# This ball is to big!



## patk (Jun 13, 2013)

so cute!


----------



## lily cd re (Jul 23, 2012)

That is very cute! It is funny when I go to my mom's. She has little balls for Wolfie that are way too small for Lily, but she wants to play with them. He lets her, maybe because he knows she is quite the ball sleuth and will pull out the ones he can't reach and that my mom has given up looking for. When Wolfie is at my house he tries to play with all the huge dog toys that belong to Lily and Peeves.


----------



## Wild Kitten (Mar 13, 2014)

lol it is so cute when the little ones try to play with the big toys. 

I got quite a few bigger toys left over from Bonito, and I just love to watch Lucia playing with them!


----------



## MollyMuiMa (Oct 13, 2012)

Pic #7 needs to be cropped and hung on the wall! Definitely wall worthy!!!!! Most def. the 'poodle head tilt' there!!!!!


----------



## janet6567 (Mar 11, 2014)

So cute! Love seeing the little ones trying to act like "big dogs!"


----------



## PoodlePaws (May 28, 2013)

I love her. 


Sent from Petguide.com Free App


----------



## poodlecrazy#1 (Jul 2, 2013)

lily cd re said:


> That is very cute! It is funny when I go to my mom's. She has little balls for Wolfie that are way too small for Lily, but she wants to play with them. He lets her, maybe because he knows she is quite the ball sleuth and will pull out the ones he can't reach and that my mom has given up looking for. When Wolfie is at my house he tries to play with all the huge dog toys that belong to Lily and Peeves.



OMG!! That is so Branna! She does the same thing. I'm always like where did you get that ball from I thought we lost it long ago. Just like this one I have no clue where it came from. 


Sent from Petguide.com Free App


----------



## poodlecrazy#1 (Jul 2, 2013)

MollyMuiMa said:


> Pic #7 needs to be cropped and hung on the wall! Definitely wall worthy!!!!! Most def. the 'poodle head tilt' there!!!!!



That is a great idea! Snapfish.com here I come! 

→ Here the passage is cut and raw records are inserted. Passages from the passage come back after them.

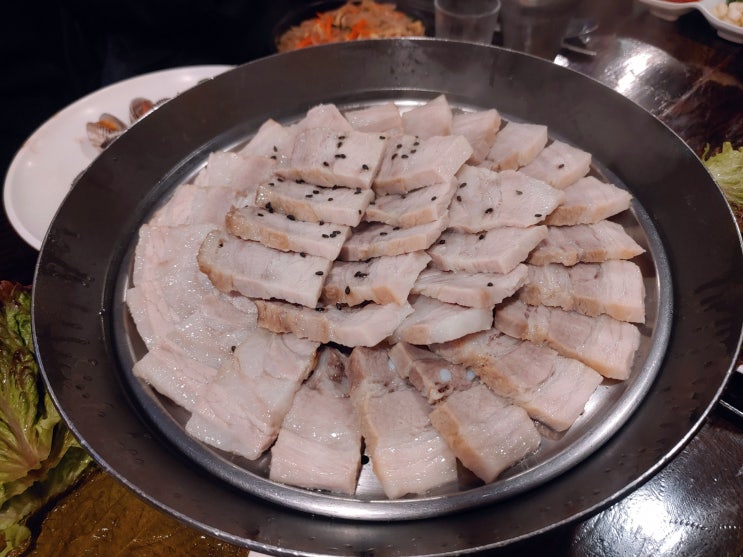 송파구 방이동) 대박쌈 - 살짝 올라오는 돼지의 향기 송파구 방이동) 대박쌈 - 살짝 올라오는 돼지의 향기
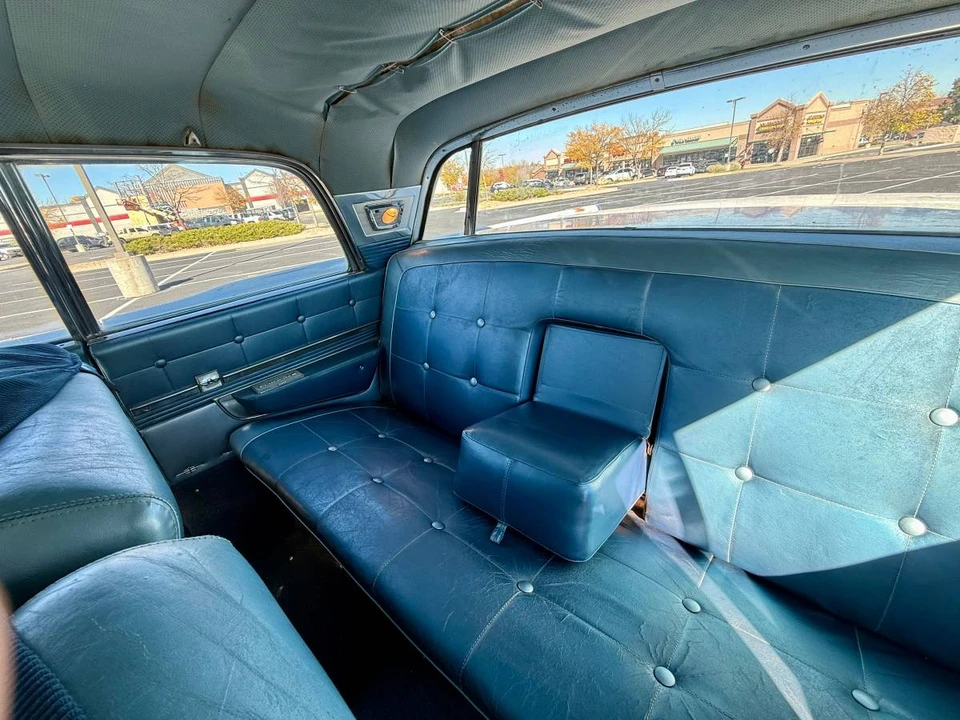 1960 Lincoln Continental 3rd Gen - Image 14 of 23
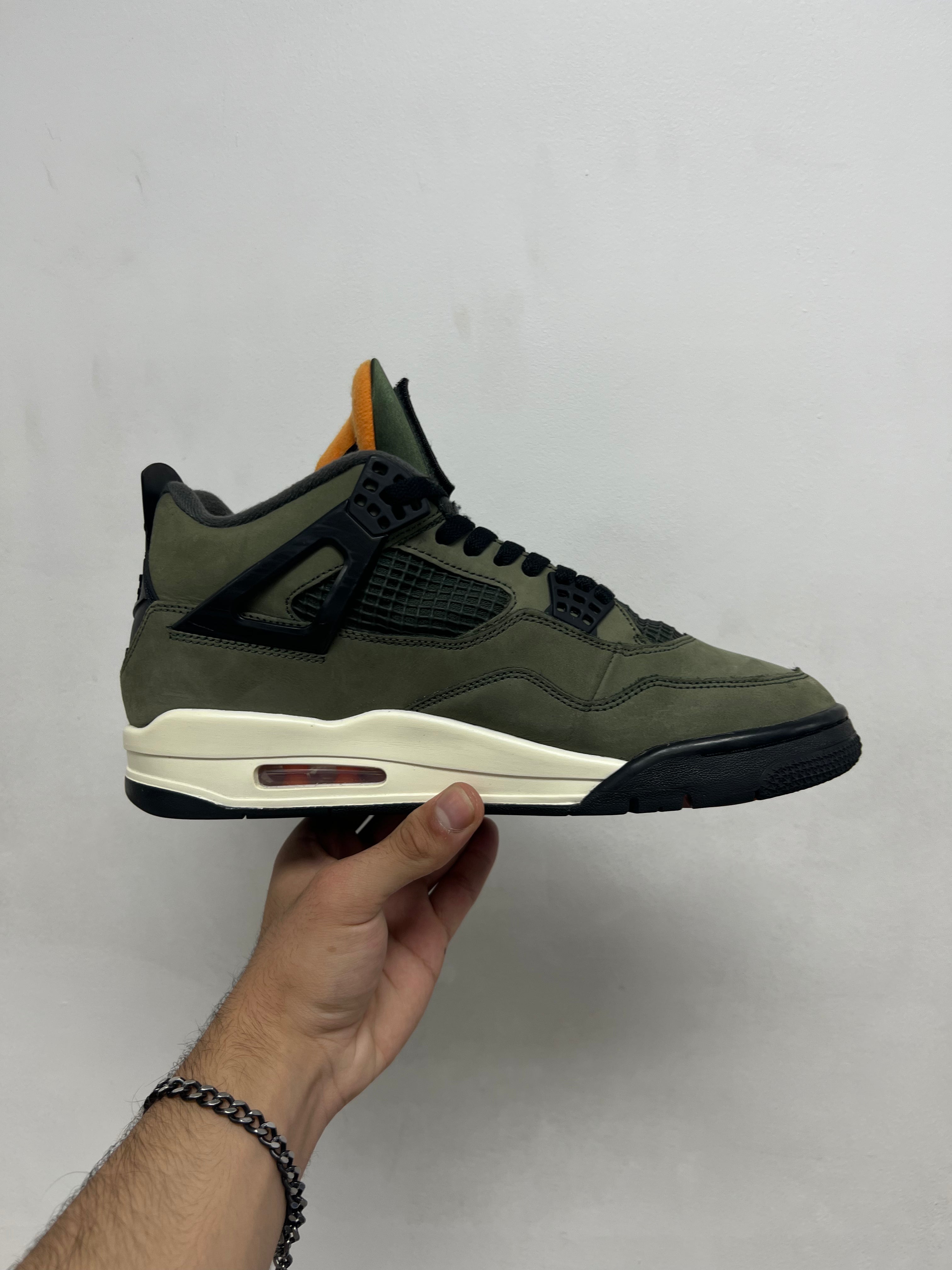 Jordan 4 Undefeated Sneakers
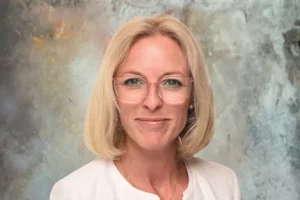Portraitfoto der Hamburger Rechtsanwältin Merle Lerdon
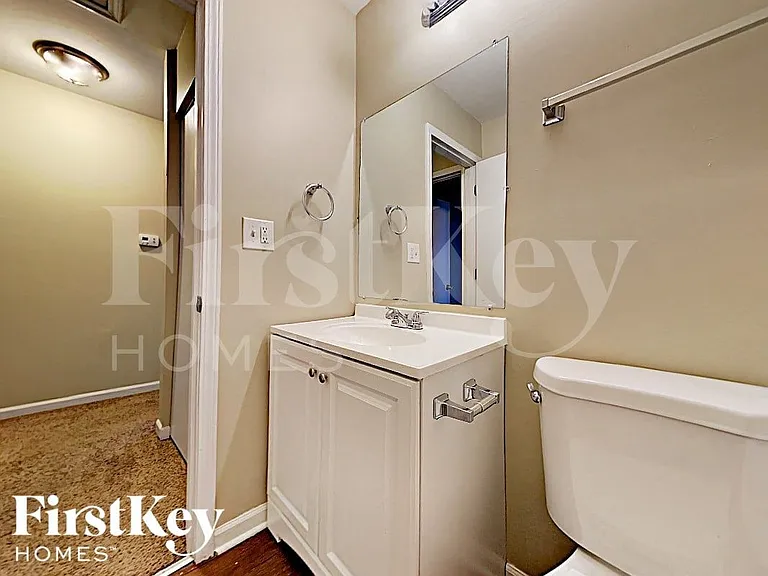 1838 Ashwood Ln — Photo 14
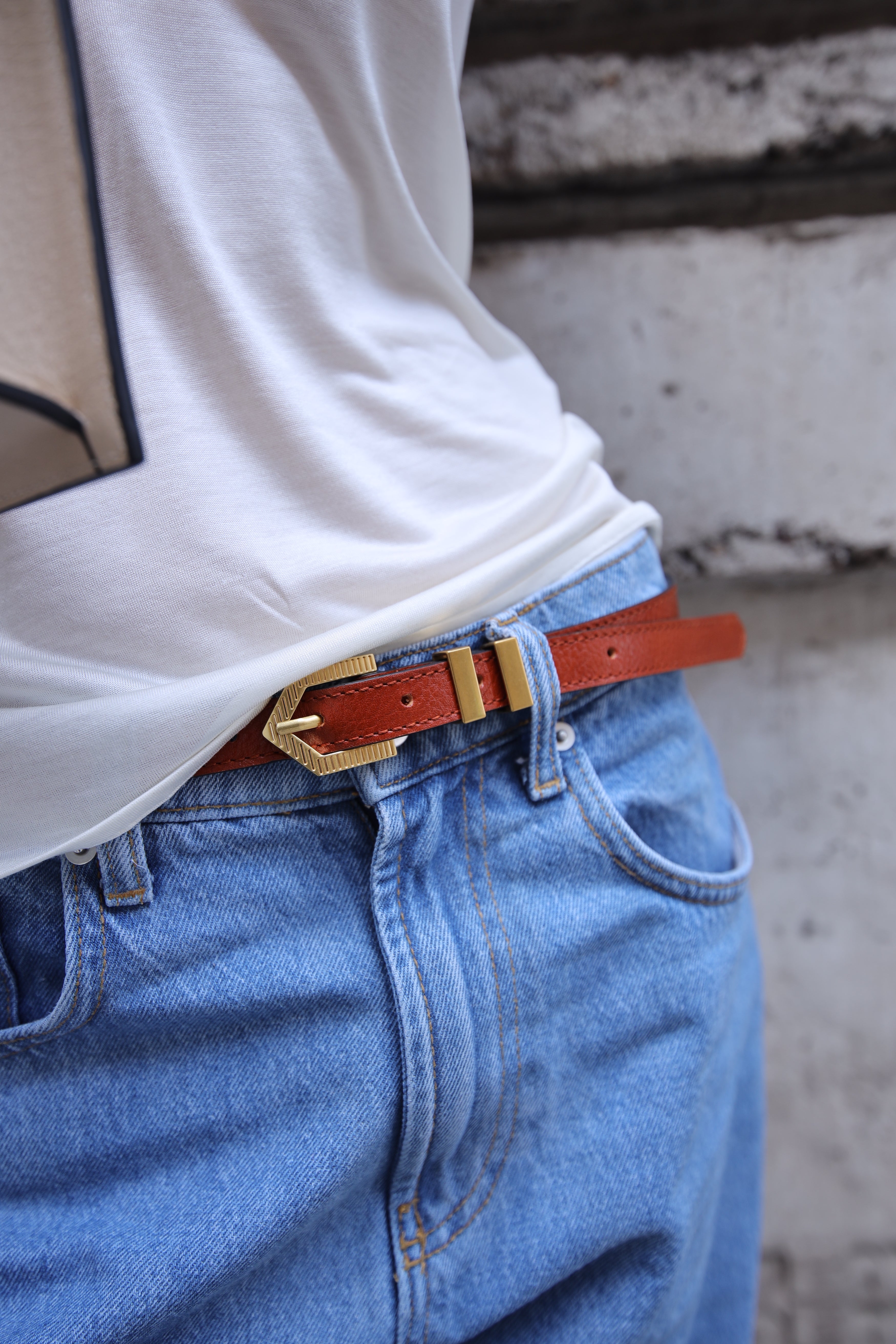 Detailed view of the Louna calfskin leather belt by Mauska. Crafted with precision, this piece reflects refined materials and a clean, understated design. Designed in San Sebastián and made in Spain. Hand-painted edges and a polished buckle complete its finish.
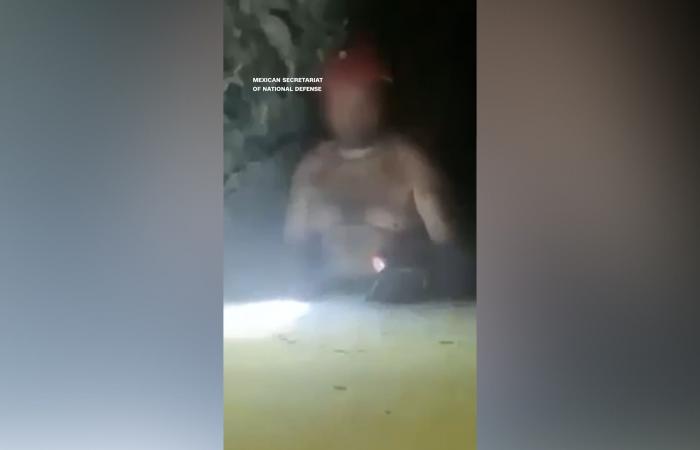 شاهد لحظة إنقاذ عامل منجم حوصر تحت الأرض 14 يومًا في المكسيك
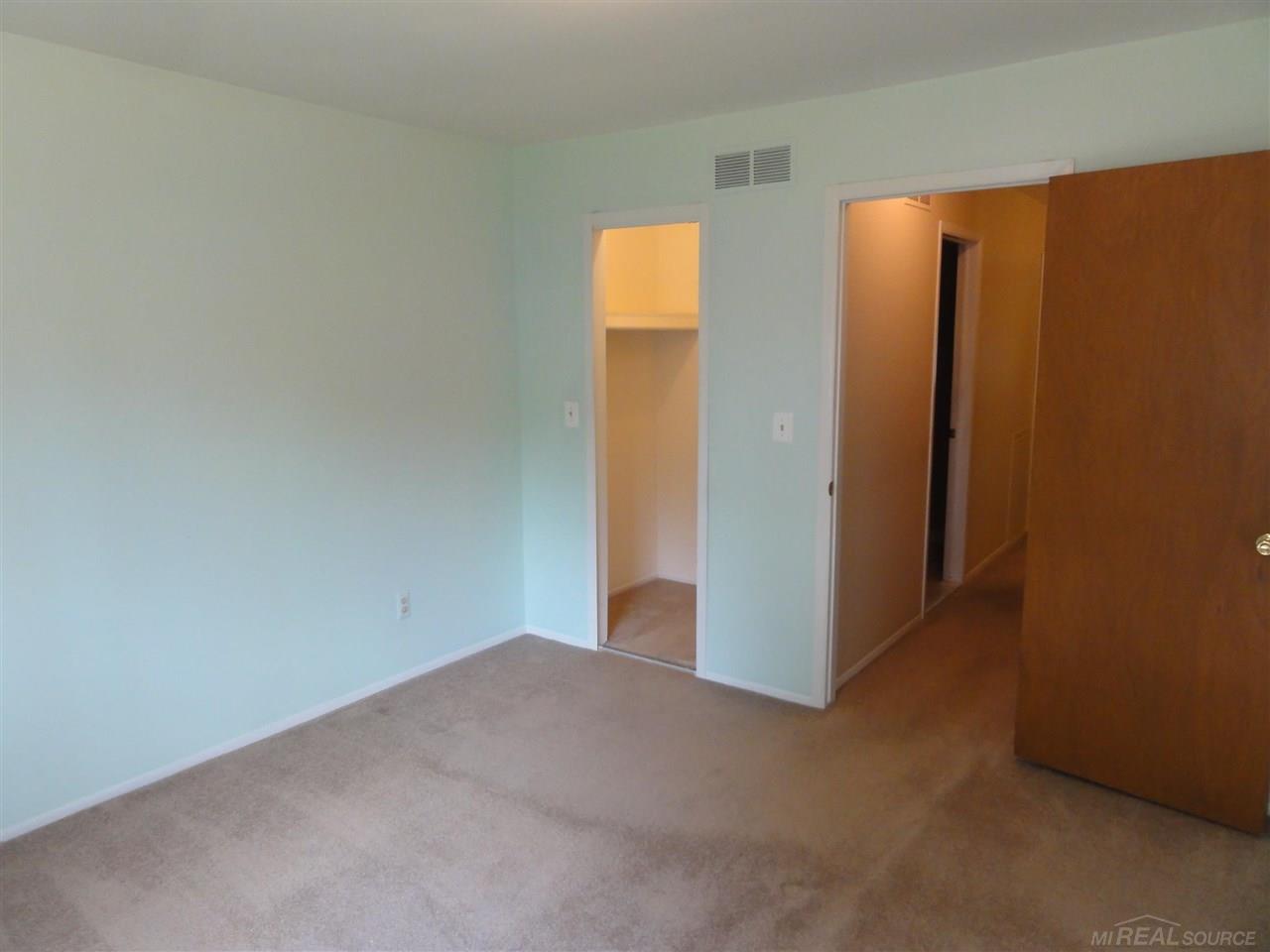 14446 East 14 Mile Road Warren, MI 48088 - Photo 24 of 30 50054024-26.JPG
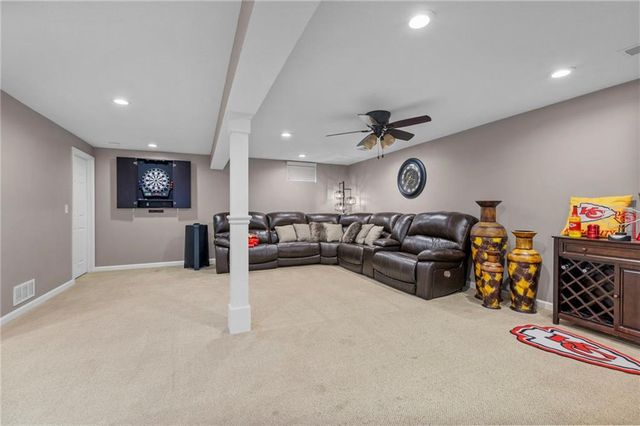 1441 NE Daltons Ridge Drive, Lee's Summit, MO 64064
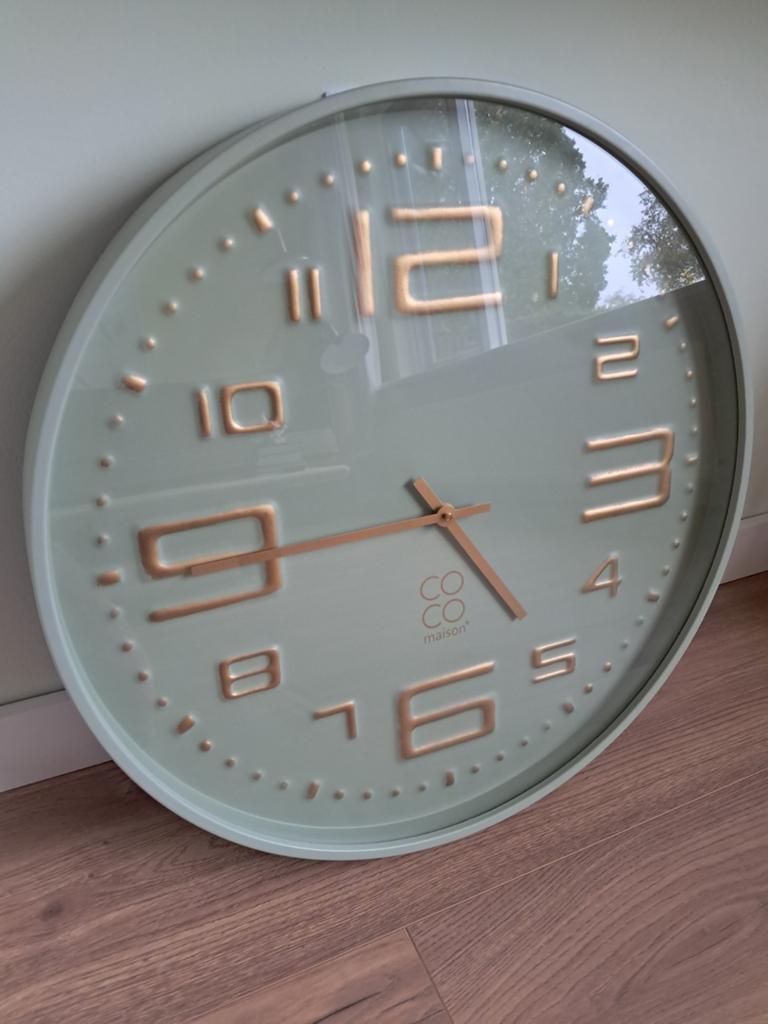 Prachtige Wandklok van Coco Maison!, Huis en Inrichting, Woonaccessoires | Klokken, Ophalen of Verzenden, Zo goed als nieuw, Analoog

Sent from Petguide.com Free App


----------



## Poodlebeguiled (May 27, 2013)

Awwww....such cute pics. It's so fun to watch them isn't it. My neighbor boys lost a couple wiffle balls, those plastic, hollow balls with the holes in them. My two pups at first, approached very, very cautiously, not sure what they were. Then the next thing you know, they're attempting to pick them up and bat them around. It's funny when they find a toy that is too big, but still manage to make a fun time with it, such as with that tennis ball in the pictures. Too cute!


----------



## Dallasminis (Feb 6, 2011)

Awwww, they are SO adorable! BIG ball, teensy little poodles, they are all so cute!


----------



## outwest (May 1, 2011)

I love that cookie picture! LOL Cooper carried around a full sized tennis ball. It's funny to see him with it and his jaw all opened huge. Your pups are so cute!


----------